_Items listed in a dataset_.
________________

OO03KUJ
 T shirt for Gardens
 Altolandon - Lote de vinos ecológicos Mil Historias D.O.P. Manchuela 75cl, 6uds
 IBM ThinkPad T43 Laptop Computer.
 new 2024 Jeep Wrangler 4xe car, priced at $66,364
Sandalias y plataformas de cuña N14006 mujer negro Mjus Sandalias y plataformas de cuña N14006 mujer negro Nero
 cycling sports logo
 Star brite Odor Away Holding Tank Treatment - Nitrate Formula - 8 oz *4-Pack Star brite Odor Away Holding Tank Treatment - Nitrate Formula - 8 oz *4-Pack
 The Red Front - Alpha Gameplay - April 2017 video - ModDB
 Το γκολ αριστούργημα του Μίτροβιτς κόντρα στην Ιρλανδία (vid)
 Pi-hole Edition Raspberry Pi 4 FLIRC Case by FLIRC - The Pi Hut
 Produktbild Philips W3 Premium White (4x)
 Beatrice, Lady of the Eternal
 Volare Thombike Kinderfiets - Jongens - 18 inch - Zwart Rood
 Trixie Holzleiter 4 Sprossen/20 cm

________________

_Work request_.
Could you repeat every record above exactly as it stands?

_Written response_.
OO03KUJ
 T shirt for Gardens
 Altolandon - Lote de vinos ecológicos Mil Historias D.O.P. Manchuela 75cl, 6uds
 IBM ThinkPad T43 Laptop Computer.
 new 2024 Jeep Wrangler 4xe car, priced at $66,364
Sandalias y plataformas de cuña N14006 mujer negro Mjus Sandalias y plataformas de cuña N14006 mujer negro Nero
 cycling sports logo
 Star brite Odor Away Holding Tank Treatment - Nitrate Formula - 8 oz *4-Pack Star brite Odor Away Holding Tank Treatment - Nitrate Formula - 8 oz *4-Pack
 The Red Front - Alpha Gameplay - April 2017 video - ModDB
 Το γκολ αριστούργημα του Μίτροβιτς κόντρα στην Ιρλανδία (vid)
 Pi-hole Edition Raspberry Pi 4 FLIRC Case by FLIRC - The Pi Hut
 Produktbild Philips W3 Premium White (4x)
 Beatrice, Lady of the Eternal
 Volare Thombike Kinderfiets - Jongens - 18 inch - Zwart Rood
 Trixie Holzleiter 4 Sprossen/20 cm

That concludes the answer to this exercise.